The way the Kennedys played the Cuban missile crisis in public is deeply revealing of the power of Munich analogy—and later, the Vietnam analogy. After the crisis subsided in the fall of 1962, Kennedy arranged to have leaked to two friendly newsmen, Charles Bartlett and Stewart Alsop, the "inside story" of the crisis. The White House version, quite unfairly, made a villain of U.N. Ambassador Adlai Stevenson, for allegedly counseling appeasement toward the Soviets. No mention was made of RFK's secret dealings with the Russian ambassador to remove the U.S. missiles from Turkey.

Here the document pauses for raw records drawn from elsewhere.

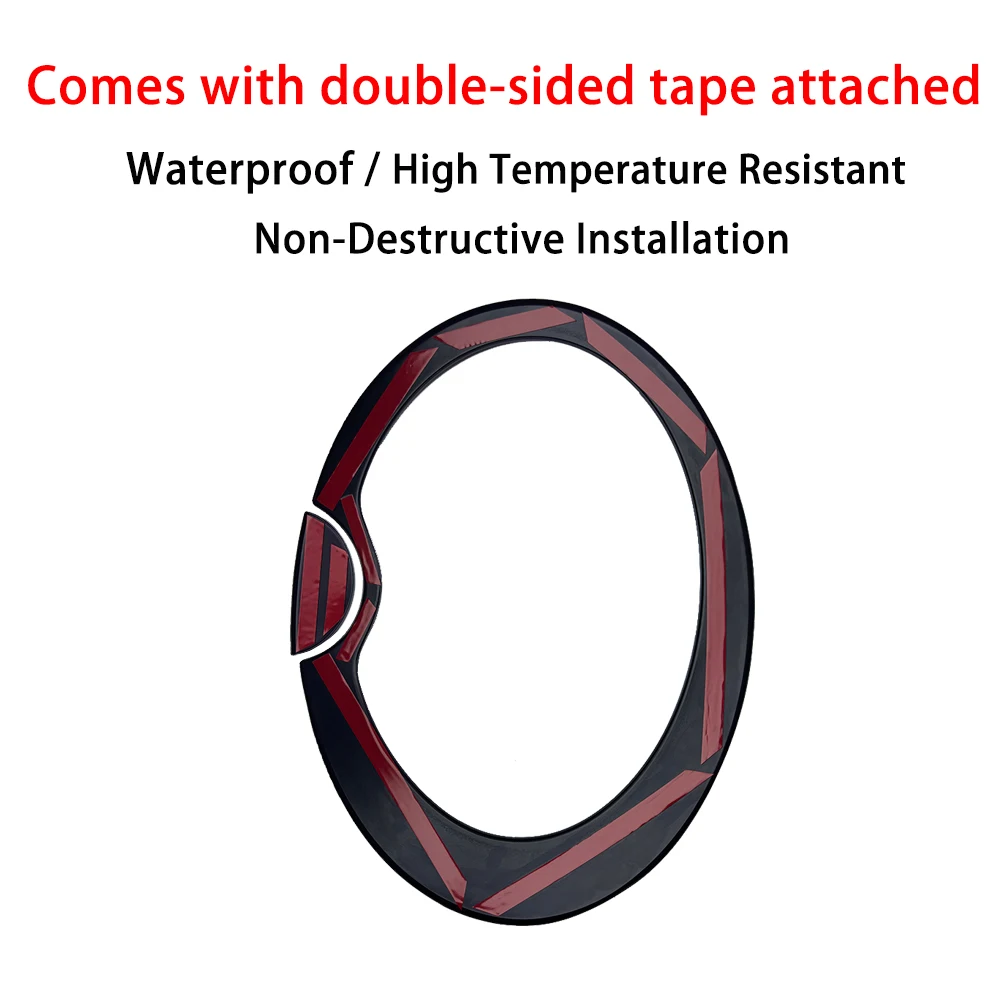 Anello Rivestimento Faro Nero Per Mini Cooper R50/R52/R53 2001-2006 - Shkalacar - Foto 9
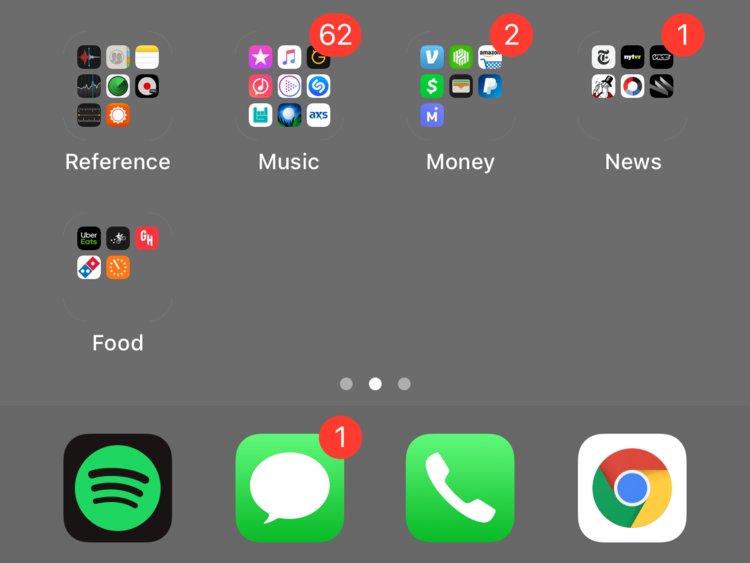 These Iphone Wallpapers Willmake Your Folders Transparent 750x563 These Iphone Wallpapers Willmake Your Folders Transparent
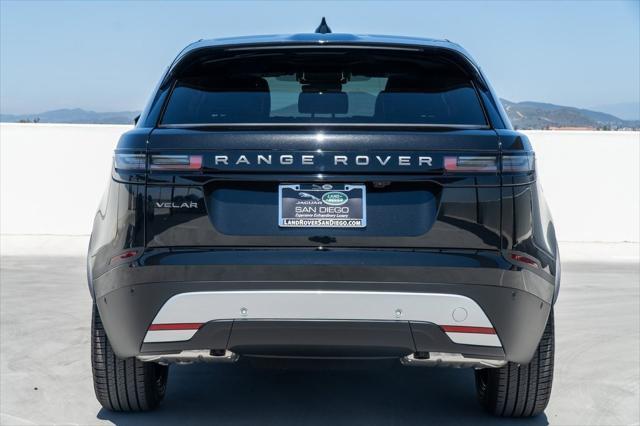 new 2026 Land Rover Range Rover Velar car, priced at $66,695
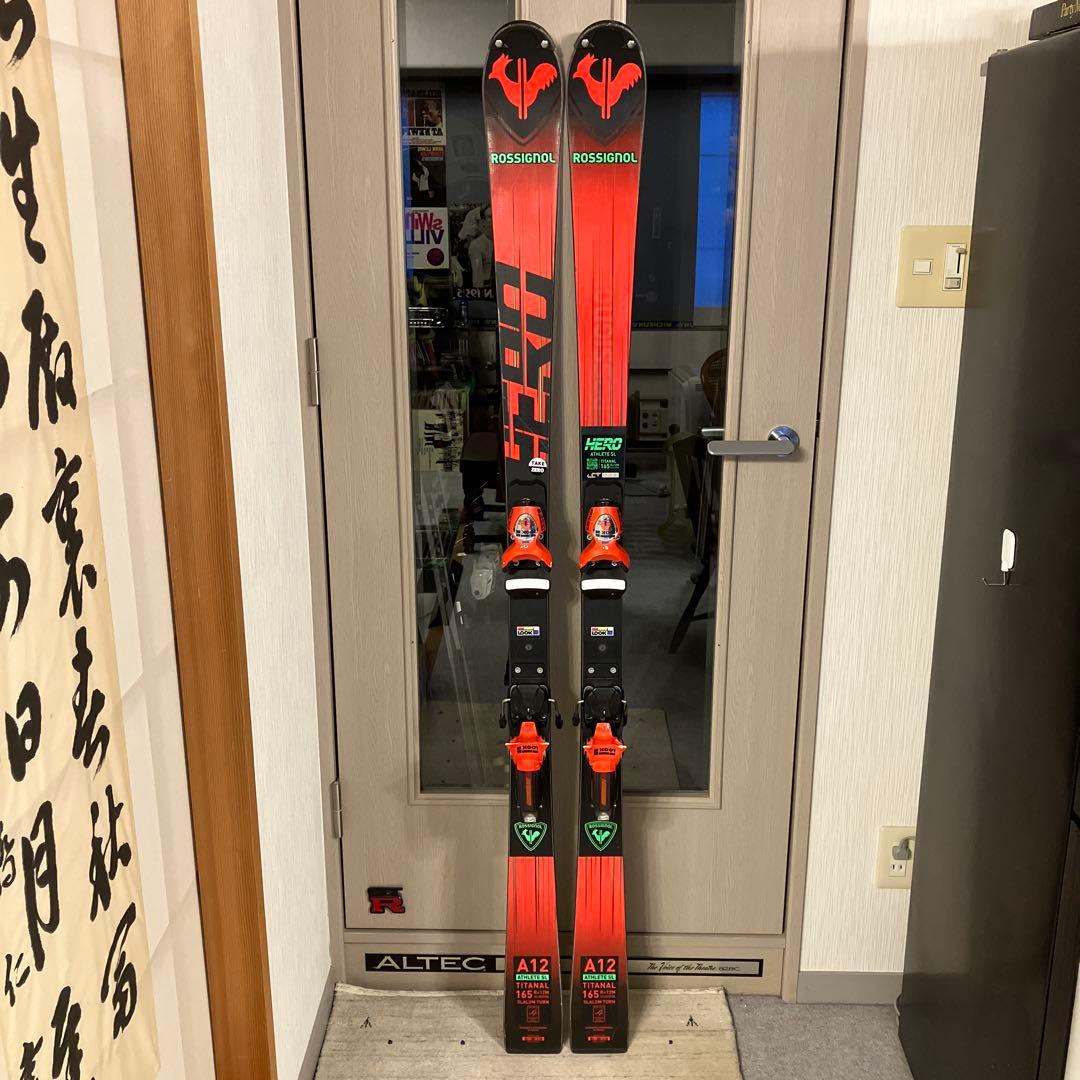 ロシニョール スキー板　SL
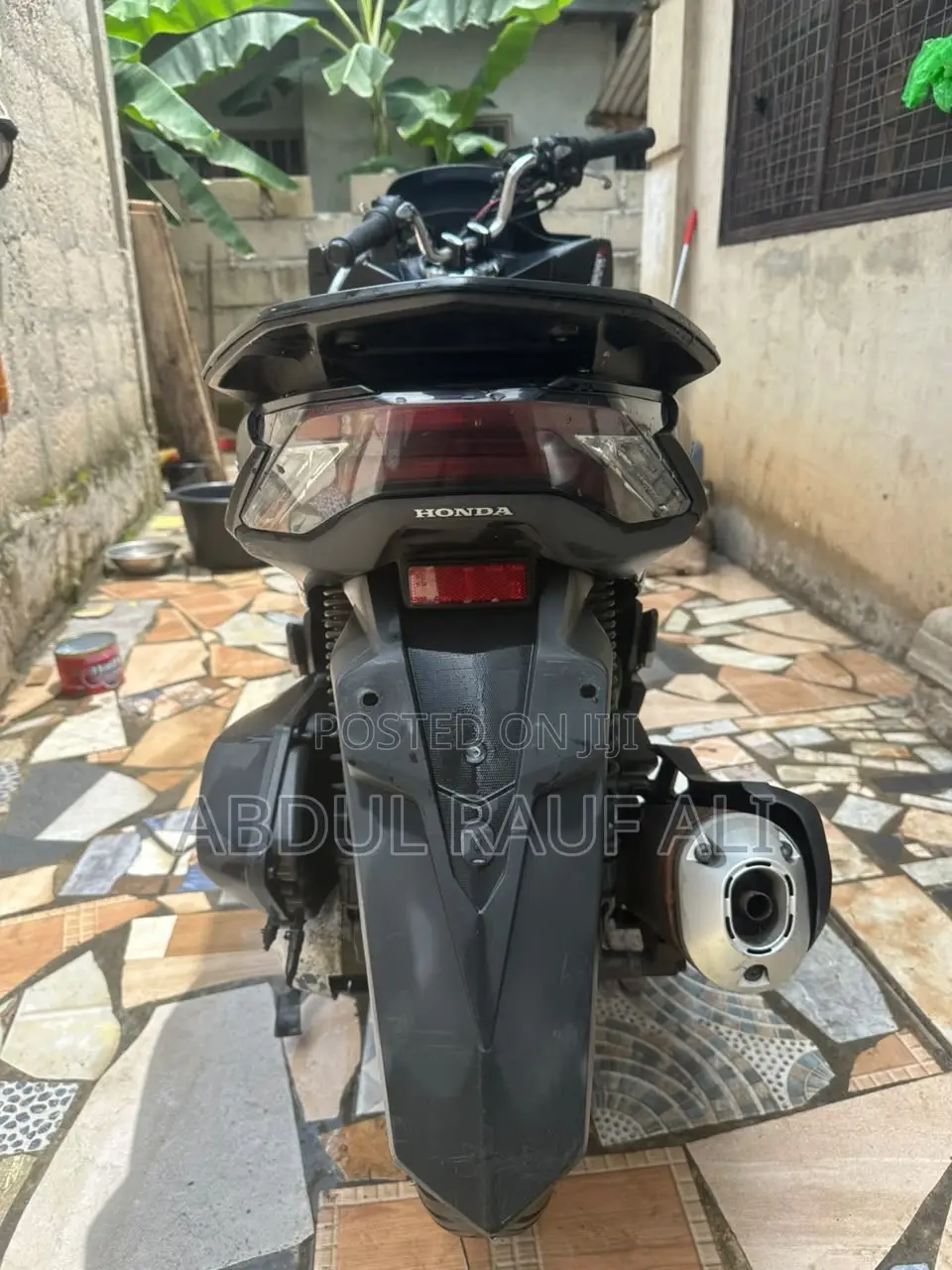 Honda 2022 Gray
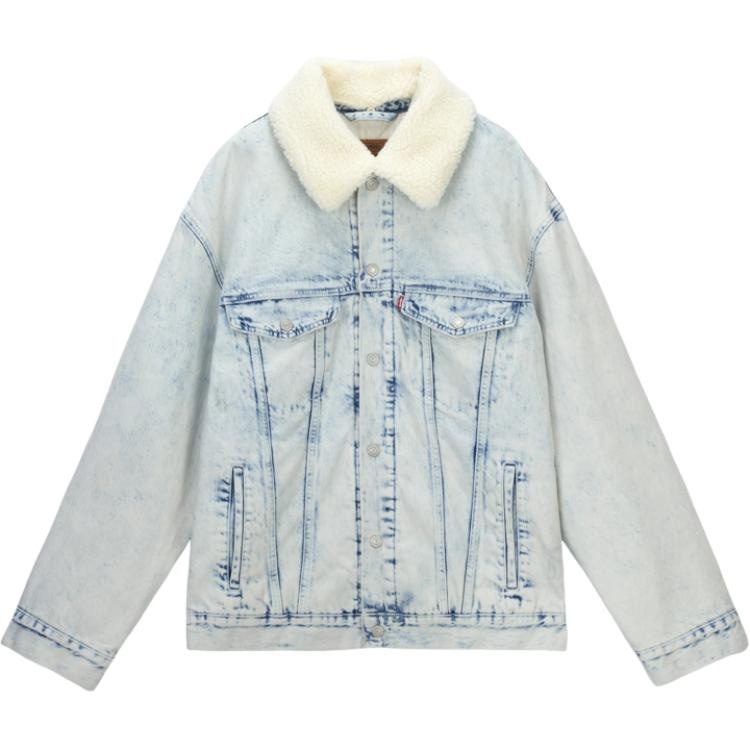 levi’s Levi's Denim Jacket Light Blue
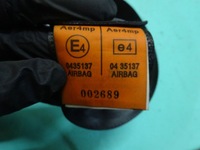 фото thumb №5, Opel antara 08r pas безпеки лівий перед 96852909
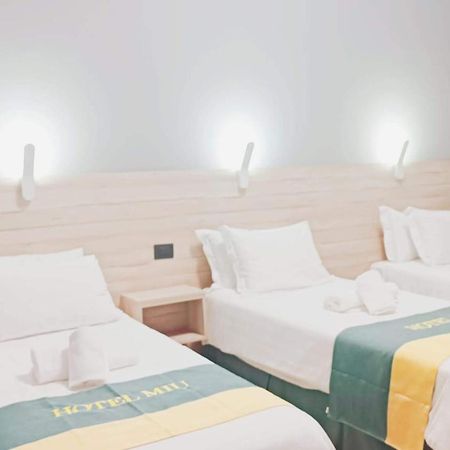 Miu Hotel ميلان المظهر الخارجي الصورة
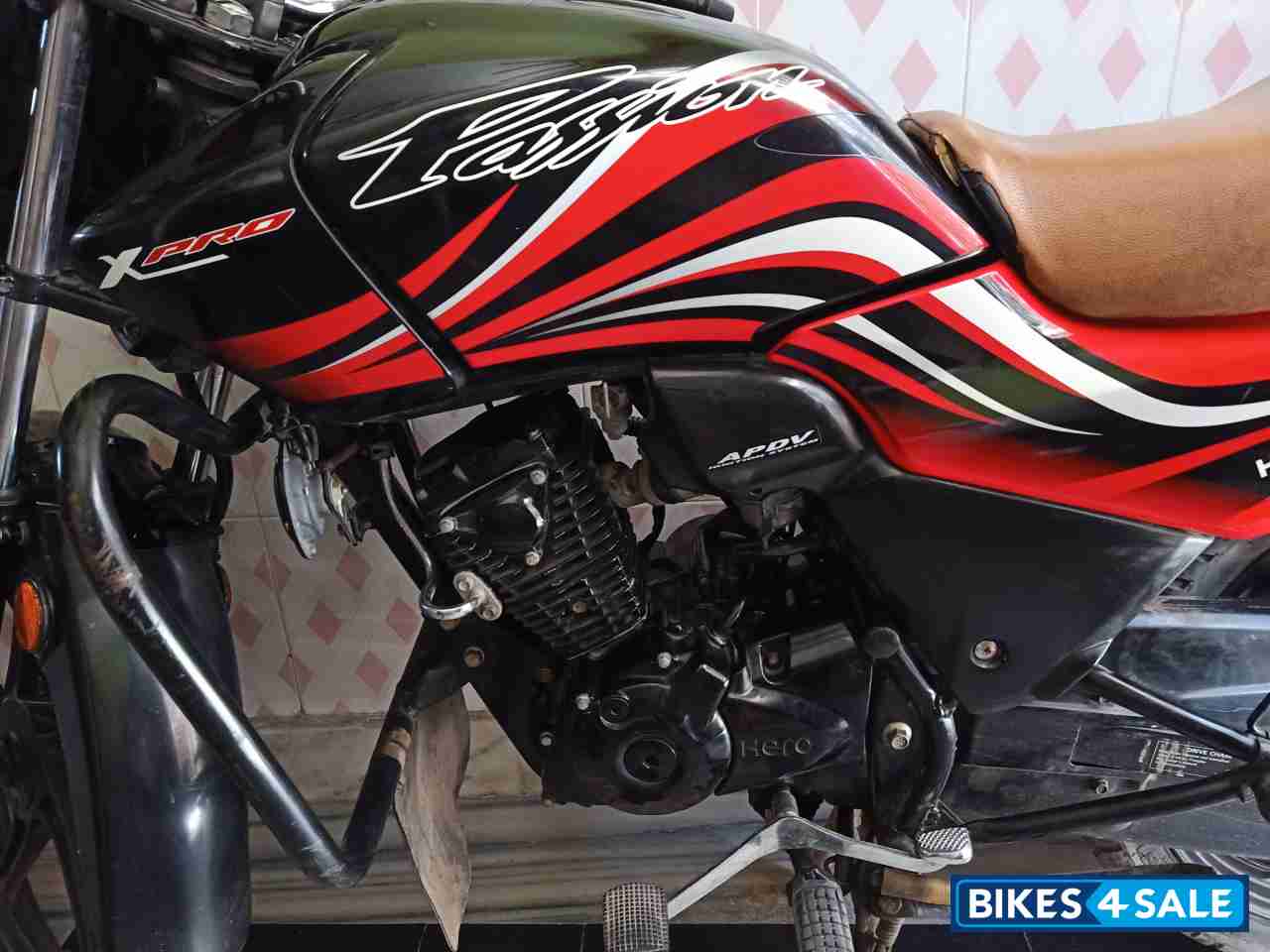 Used 2016 Model Hero Passion X Pro For Sale In New Delhi Id 273126 Bikes4sale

In the cold-war atmosphere of the early '60s, that might have been seen as soft or weak. Bobby Kennedy, however, later wrote his own memoir of the crisis, "Thirteen Days," published posthumously in 1969, in which he broadly hinted at the secret deal. RFK had written the book with the 1968 campaign in mind. By then, RFK was no hawk. He wanted a negotiated peace in Vietnam, and thus he wanted the world to know he had negotiated a truce with the Soviets during the missile crisis.

History is sometimes written by the people who made it. But even politicians sometimes have their regrets when they paint with too broad a stroke. It is noteworthy that last week, President Bush, in an interview with The Times of London, expressed regret about using phrases like "bring them on" and "dead or alive" to describe Iraqi insurgents or Qaeda terrorists. He feared that America had been misunderstood and said, "I think that in retrospect I could have used a different tone, a different rhetoric."

There is a risk that, as Election Day 2008 approaches, voters will be fooled or swept away by the clichés about Munich and Vietnam. In the reality of power, presidents generally realize that the choice between negotiation and force is rarely clear-cut or either-or. It can be hard to tell what either McCain or Obama would do if they were actually to take on the burdens and responsibilities of the presidency. But most voters know what, more than any other quality—more than tough talk or promises of conciliation—they are looking for in a president: good judgment.